Federal, Postal EV Savings Estimated in Billions: Making the federal fleet and postal service vehicles electric would save the federal government billions, a new report found. The U.S. Postal Service electrification could save as much as $4.3 billion, while electrifying other federal vehicles could yield up to $1.18 billion in lifetime savings, according to the new analysis by Atlas Public Policy. Democrats are seeking money for federal fleet electrification to be part of their budget bill. Lillianna Byington has more.

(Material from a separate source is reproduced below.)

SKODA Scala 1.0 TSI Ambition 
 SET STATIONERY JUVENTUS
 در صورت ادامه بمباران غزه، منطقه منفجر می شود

Lew Says GOP Takes ‘Dangerous’ Stance on Debt Limit: Former Treasury Secretary Jacob Lew said a pledge by most Republican senators not to help Democrats raise the federal debt limit was “extremely dangerous,” and called it a “self-inflicted wound if we end up with a crisis that can be completely avoided.” Forty-six of 50 Republican senators signed a letter earlier this month vowing they won’t vote to increase the limit as Democrats pursue their $3.5 trillion social-spending initiative, Christopher Condon reports.
Democrats’ House Grip Relies on Holding Trump Districts: The GOP’s path to winning the House majority runs through more than a half-dozen Democratic-held districts Trump won in 2020. Redistricting will help decide how competitive those seven ticket-splitting swing seats will be. So will retirements, with Rep. Ron Kind (D-Wis.) becoming the second of those incumbents to announce he won’t seek re-election last week. Read more from Greg Giroux and Emily Wilkins.
Redistricting Reformers Use Mapping Tools: From North Carolina to Michigan, voting rights groups, ethics advocates, and data crunchers are finding new ways into the fight for fairer representation, via informational meetings, mapping contests, testimony workshops and new technologies. The process is receiving significantly more public attention than in past years, observers claim. “Redistricting is an issue that used to put people to sleep,” Michael Li at the Brennan Center for Justice said. “No more.” Laura Bliss has more.
The Coronavirus Pandemic
Biden Maps Huge Booster Shot Effort: Biden beefed up his administration’s response to a national surge in Covid-19 infections yesterday, laying out a series of actions including booster vaccines and possible legal action against governors who have blocked mask requirements in schools. “The threat of the delta virus remains real, but we’re prepared,” Biden said yesterday at the White House. “This is no time to let our guard down.”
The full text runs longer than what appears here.